Note: The one exception to this rule are processing instructions (PIs). Because the text associated with PIs can be arbitrarily long, they are permitted to split.

If the z/OS XML parser determines that an output buffer is spanned, and requests another buffer to continue processing, the caller needs to return a new buffer large enough to contain a minimum set of complete data. If the item that needs to be placed at the beginning of this new buffer is a non-splittable record that doesn't fit, the z/OS XML parser will return with a return code of XRC_FAILURE, and a reason code of XRSN_BUFFER_OUTBUF_SMALL.

The z/OS XML parser generally does not split records unless there is a need to - for example, to fit into a given output buffer. However, the decision to split a record depends on many factors. There are instances where the z/OS XML parser will split records of the same type within the same buffer, and this is normal. This is particularly true for XDBX streams, where the z/OS XML parser generates records based on the stream of XDBX tags presented by the builder of the stream. One should not expect, for instance, that the stream of z/OS XML records generated for a given text document will have records split in the same way as for an XDBX stream representing the same document.
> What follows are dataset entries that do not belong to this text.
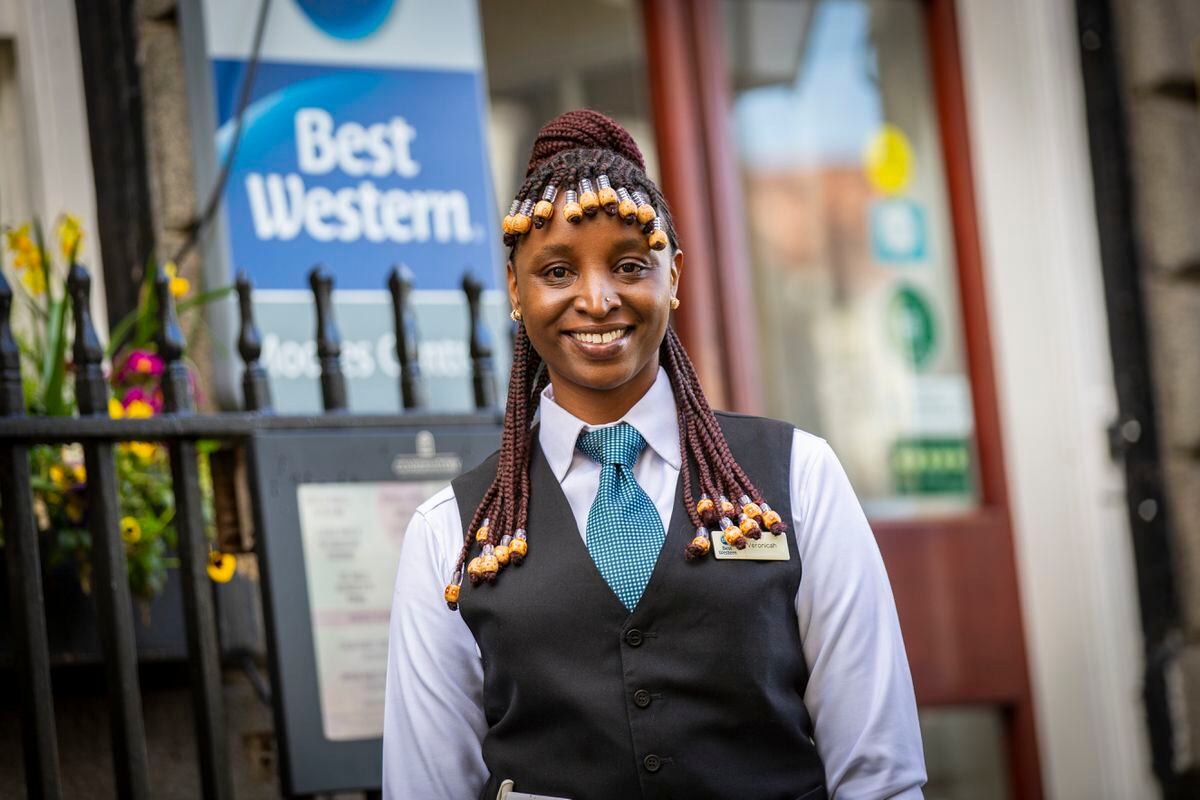 Veronicah Ndegwa managed a hotel in Somalia before coming to Guernsey to work primarily as a waitress at Moores Hotel, but she hopes to learn from the Sarnia Hotels Group and progress her career (Picture by Sophie Rabey, 31917779)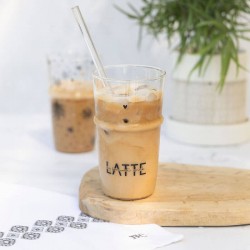 Üveg latte pohár Flower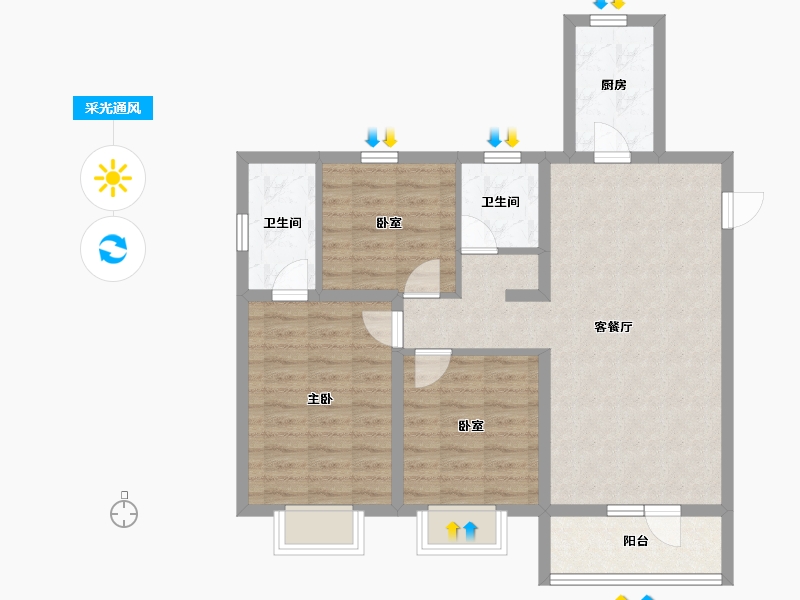 河北省-石家庄市-绿地新里城西斯莱公馆-83.02-户型库-采光通风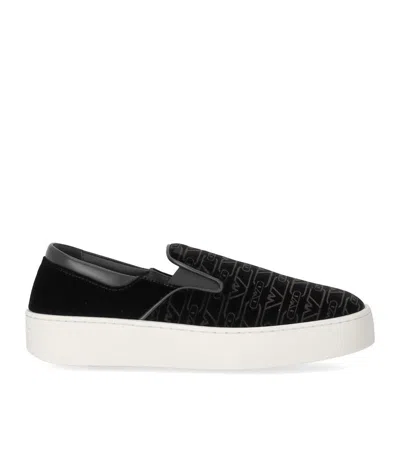 Emporio Armani Black Monogram Slip-on Sneaker In Black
The following table shows which record types can be split:

Table 1. Splittable record types
Record type	Splittable?
GXLHXEC_TOK_ATTR_NAME	No
GXLHXEC_TOK_ATTR_VALUE	Yes
GXLHXEC_TOK_AUX_INFO	No
GXLHXEC_TOK_BUFFER_INFO	No
GXLHXEC_TOK_COMMENT	Yes
GXLHXEC_TOK_CHAR_DATA	Yes
GXLHXEC_TOK_END_CDATA	No
GXLHXEC_TOK_END_ELEM	No
GXLHXEC_TOK_ERROR	No
GXLHXEC_TOK_DTD_DATA	No
GXLHXEC_TOK_NS_DECL	No
GXLHXEC_TOK_PI	Yes
GXLHXEC_TOK_ROOT_ELEMENT	No
GXLHXEC_TOK_SCHEMA_LOCATION	No
GXLHXEC_TOK_START_CDATA	No
GXLHXEC_TOK_START_ELEM	No
GXLHXEC_TOK_UNRESOLVED_REF	No
GXLHXEC_TOK_WHITESPACE	Yes
GXLHXEC_TOK_XML_DECL	No

The above token names are for the C/C++ callers. Assembler callers use token names without the "GXLH" prefix.